ABOUT THIS TASK:
Write only the number of lines in the entries below that contain the string "Sport".

Data extracted from a collection
====
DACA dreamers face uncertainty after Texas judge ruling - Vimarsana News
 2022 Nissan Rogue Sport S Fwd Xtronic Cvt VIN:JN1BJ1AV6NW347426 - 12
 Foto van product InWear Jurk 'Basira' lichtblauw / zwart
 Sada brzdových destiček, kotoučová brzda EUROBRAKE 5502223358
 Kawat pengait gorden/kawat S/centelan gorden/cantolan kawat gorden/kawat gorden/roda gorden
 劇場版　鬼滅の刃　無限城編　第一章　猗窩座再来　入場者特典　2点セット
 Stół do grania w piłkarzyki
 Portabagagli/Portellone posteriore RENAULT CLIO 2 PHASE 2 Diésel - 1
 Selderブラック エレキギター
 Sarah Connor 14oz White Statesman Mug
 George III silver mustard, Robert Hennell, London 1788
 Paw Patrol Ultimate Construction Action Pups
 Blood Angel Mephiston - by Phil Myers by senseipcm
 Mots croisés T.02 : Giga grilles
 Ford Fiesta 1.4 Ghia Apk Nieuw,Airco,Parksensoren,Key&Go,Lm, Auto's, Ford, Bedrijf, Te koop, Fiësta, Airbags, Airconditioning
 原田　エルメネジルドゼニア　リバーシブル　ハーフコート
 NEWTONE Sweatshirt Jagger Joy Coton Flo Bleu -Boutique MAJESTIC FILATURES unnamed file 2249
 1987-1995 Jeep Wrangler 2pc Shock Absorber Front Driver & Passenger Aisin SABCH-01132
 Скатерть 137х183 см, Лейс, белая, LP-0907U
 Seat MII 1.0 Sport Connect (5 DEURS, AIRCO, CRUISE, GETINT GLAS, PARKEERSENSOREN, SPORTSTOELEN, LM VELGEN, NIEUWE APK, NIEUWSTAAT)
====
RESULT OF THIS TASK:
2